PySpark for Data Engineers: Transformations, Partitioning, and Production Patterns
October 19, 2025 · 9 min read
Every senior DE job description mentions Spark. It shows up in the required skills, the technical screen, and the system design round. The “just use DuckDB” crowd has a point — for datasets under a few hundred gigabytes, a modern columnar engine on a single machine often beats a distributed cluster on cost and complexity. But Spark is not going anywhere. When you are processing petabytes of clickstream data, joining terabyte-scale tables, or running ML pipelines across distributed feature stores, Spark is still the tool you reach for.
At The Philadelphia Inquirer, I ran Spark workloads that processed reader behavior data — page views, session events, engagement signals — at a scale where DuckDB would have needed a machine that cost more than the Spark cluster. This post is what I learned about writing PySpark that is fast, readable, and maintainable. The patterns that survive code review. The mistakes that get caught in production.
The DataFrame operations that show up in interviews
Interviewers testing PySpark knowledge almost always probe the same five patterns. Make sure these feel natural:
groupBy and aggregation
The workhorse. Know how to compose multiple aggregations in a single pass, which is far more efficient than chaining separate groupBy calls:
from pyspark.sql import functions as F
df.groupBy("article_id").agg(
F.count("*").alias("total_views"),
F.countDistinct("user_id").alias("unique_readers"),
F.avg("time_on_page").alias("avg_engagement_seconds"),
F.max("event_ts").alias("last_viewed_at"),
)Window functions
Window functions are the PySpark equivalent of SQL analytics.
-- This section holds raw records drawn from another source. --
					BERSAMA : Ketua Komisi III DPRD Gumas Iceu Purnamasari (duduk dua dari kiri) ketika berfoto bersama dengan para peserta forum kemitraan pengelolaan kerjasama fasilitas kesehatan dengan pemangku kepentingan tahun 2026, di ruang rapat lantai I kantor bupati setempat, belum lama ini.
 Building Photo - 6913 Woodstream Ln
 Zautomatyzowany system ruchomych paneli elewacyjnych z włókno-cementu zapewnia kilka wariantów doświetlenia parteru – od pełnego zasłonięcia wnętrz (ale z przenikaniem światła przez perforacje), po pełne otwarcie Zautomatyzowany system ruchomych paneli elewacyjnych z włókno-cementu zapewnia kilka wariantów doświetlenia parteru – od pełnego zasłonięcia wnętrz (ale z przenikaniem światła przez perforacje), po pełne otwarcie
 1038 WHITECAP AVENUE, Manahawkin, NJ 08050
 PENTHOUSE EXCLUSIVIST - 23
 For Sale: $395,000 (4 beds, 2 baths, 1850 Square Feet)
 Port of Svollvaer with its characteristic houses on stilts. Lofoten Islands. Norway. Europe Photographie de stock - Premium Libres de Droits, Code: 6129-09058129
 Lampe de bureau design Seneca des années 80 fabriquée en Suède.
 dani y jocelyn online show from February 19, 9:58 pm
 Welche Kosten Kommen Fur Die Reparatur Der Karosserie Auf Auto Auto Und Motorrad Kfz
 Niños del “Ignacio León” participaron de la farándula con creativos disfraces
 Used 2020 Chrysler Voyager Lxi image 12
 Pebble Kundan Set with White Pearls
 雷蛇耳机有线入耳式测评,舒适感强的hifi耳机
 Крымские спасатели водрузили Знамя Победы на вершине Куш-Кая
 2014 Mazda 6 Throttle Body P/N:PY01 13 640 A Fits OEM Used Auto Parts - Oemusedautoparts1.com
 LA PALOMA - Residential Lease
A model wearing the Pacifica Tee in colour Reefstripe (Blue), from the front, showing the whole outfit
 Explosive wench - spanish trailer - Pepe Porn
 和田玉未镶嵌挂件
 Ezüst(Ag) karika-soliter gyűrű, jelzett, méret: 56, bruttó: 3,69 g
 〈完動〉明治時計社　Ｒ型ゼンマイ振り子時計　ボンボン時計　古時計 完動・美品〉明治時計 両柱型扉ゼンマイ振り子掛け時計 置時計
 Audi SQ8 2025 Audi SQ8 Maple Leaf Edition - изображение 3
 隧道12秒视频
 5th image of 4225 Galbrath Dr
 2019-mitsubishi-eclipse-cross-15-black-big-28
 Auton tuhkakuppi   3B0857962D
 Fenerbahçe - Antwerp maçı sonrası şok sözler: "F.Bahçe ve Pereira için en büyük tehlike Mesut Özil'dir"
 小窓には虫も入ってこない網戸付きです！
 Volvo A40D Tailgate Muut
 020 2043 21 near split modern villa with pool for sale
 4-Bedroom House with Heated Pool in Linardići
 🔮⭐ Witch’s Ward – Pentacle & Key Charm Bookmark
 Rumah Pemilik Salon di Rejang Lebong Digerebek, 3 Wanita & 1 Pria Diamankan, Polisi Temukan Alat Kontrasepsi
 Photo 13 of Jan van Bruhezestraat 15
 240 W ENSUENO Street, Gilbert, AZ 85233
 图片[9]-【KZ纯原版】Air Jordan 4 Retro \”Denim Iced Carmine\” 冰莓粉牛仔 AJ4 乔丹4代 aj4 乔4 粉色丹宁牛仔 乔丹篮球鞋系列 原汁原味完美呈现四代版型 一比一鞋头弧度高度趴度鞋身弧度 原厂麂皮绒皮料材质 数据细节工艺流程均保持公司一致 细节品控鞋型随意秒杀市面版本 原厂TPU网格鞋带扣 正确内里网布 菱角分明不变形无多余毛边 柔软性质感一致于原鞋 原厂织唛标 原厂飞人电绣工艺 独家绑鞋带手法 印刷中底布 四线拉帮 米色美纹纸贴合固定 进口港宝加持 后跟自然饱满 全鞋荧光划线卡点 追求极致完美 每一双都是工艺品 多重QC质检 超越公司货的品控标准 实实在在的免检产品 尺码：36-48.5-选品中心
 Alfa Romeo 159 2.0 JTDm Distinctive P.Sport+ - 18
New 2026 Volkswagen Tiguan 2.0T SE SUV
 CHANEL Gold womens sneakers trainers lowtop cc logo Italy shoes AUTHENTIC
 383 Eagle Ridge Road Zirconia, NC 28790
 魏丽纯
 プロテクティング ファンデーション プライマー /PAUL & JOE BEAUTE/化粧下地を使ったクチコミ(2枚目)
They come up constantly for ranking, running totals, and sessionization:
from pyspark.sql.window import Window
# Rank articles by views within each section
w = Window.partitionBy("section").orderBy(F.desc("total_views"))
df.withColumn("rank", F.rank().over(w)) \
.filter(F.col("rank") <= 5) # top 5 per section
# Session gap detection (user inactivity > 30 min = new session)
w_user = Window.partitionBy("user_id").orderBy("event_ts")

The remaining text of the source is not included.